:: Exercise inputs

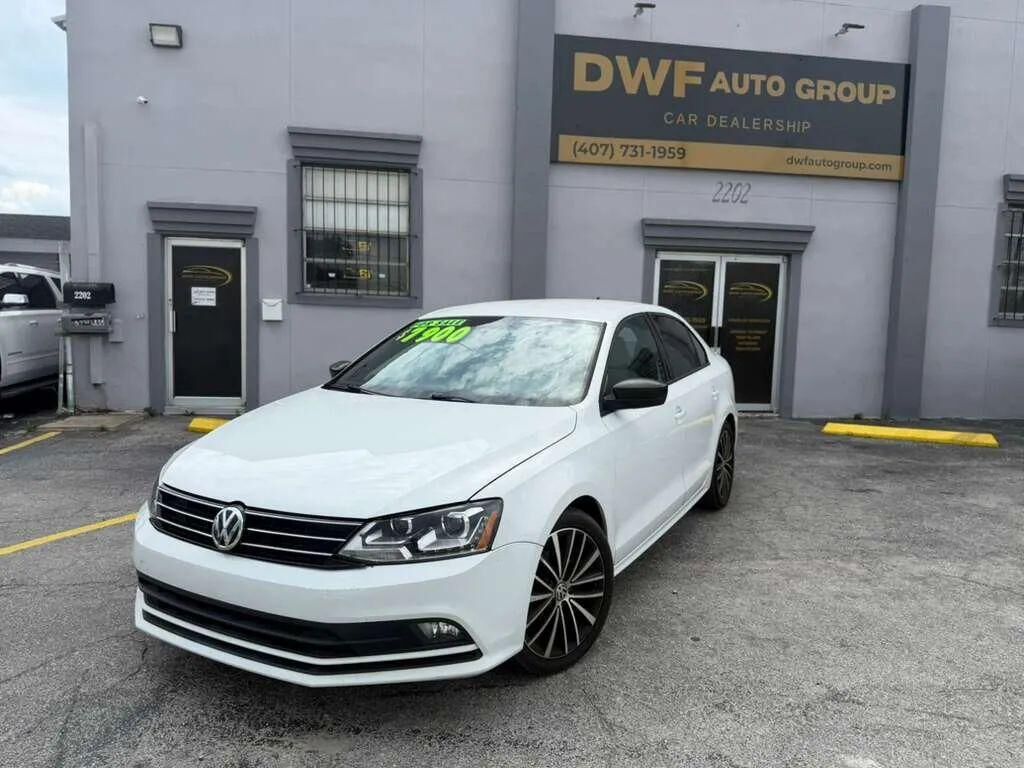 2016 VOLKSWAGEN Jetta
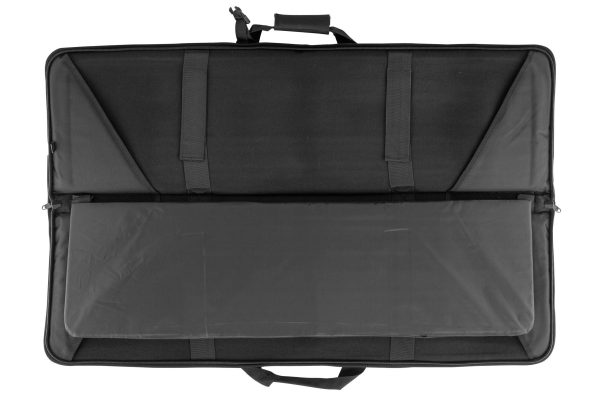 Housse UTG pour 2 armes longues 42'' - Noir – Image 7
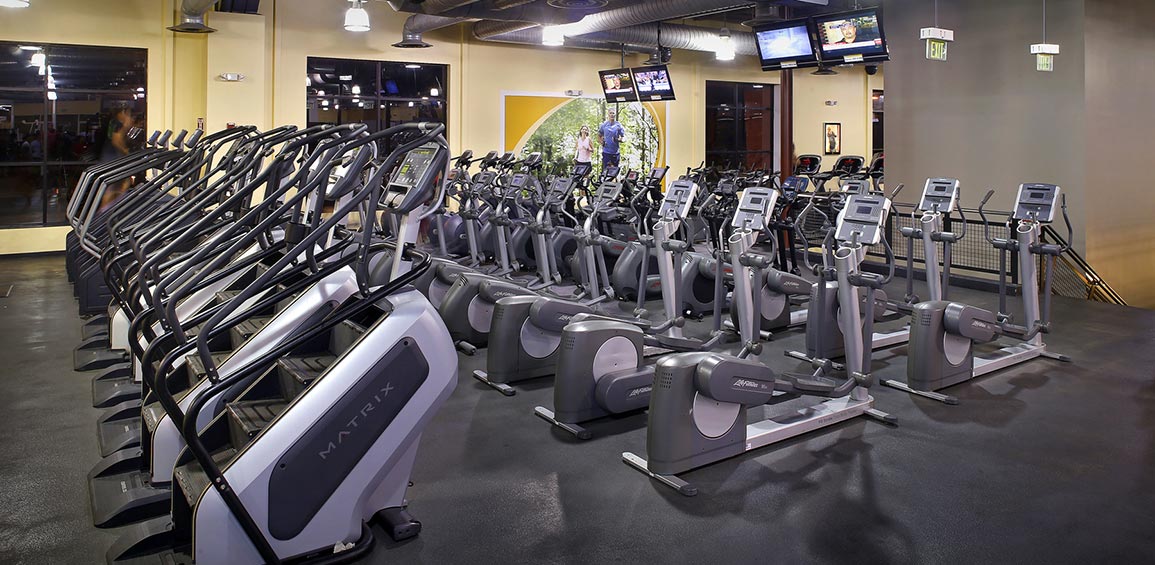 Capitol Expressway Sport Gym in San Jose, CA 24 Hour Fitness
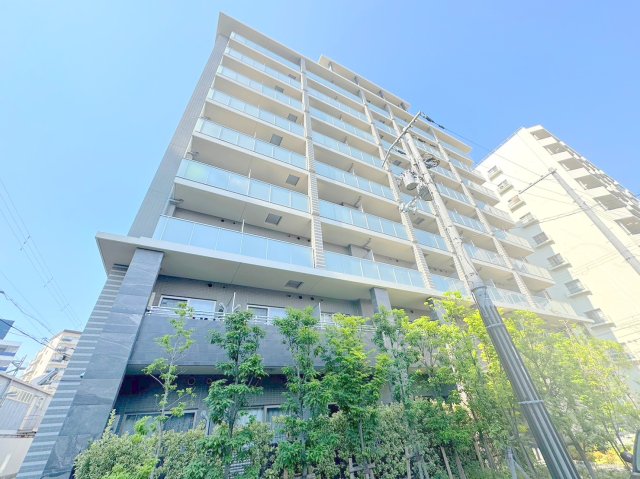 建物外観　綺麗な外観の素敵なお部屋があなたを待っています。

::::
:: Exercise inputs

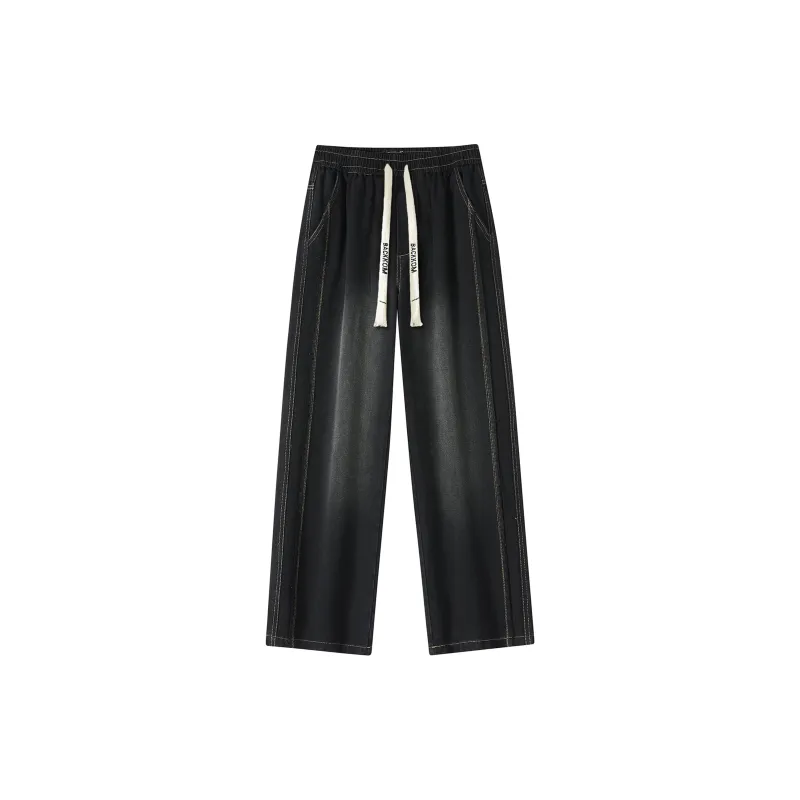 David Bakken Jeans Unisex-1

::::
:: Exercise inputs

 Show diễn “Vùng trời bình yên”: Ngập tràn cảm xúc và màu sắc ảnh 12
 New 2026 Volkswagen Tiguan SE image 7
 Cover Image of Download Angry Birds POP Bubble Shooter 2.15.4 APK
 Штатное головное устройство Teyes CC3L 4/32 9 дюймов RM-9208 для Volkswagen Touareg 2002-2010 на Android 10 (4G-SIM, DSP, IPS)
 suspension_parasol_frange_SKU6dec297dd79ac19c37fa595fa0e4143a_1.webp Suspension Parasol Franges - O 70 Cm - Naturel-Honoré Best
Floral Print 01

::::

What the task asks » Only the lines above from the one with "màu sắc ảnh 12" through the one with "Floral Print 01" should be duplicated, character for character.

Solution »
 Show diễn “Vùng trời bình yên”: Ngập tràn cảm xúc và màu sắc ảnh 12
 New 2026 Volkswagen Tiguan SE image 7
 Cover Image of Download Angry Birds POP Bubble Shooter 2.15.4 APK
 Штатное головное устройство Teyes CC3L 4/32 9 дюймов RM-9208 для Volkswagen Touareg 2002-2010 на Android 10 (4G-SIM, DSP, IPS)
 suspension_parasol_frange_SKU6dec297dd79ac19c37fa595fa0e4143a_1.webp Suspension Parasol Franges - O 70 Cm - Naturel-Honoré Best
Floral Print 01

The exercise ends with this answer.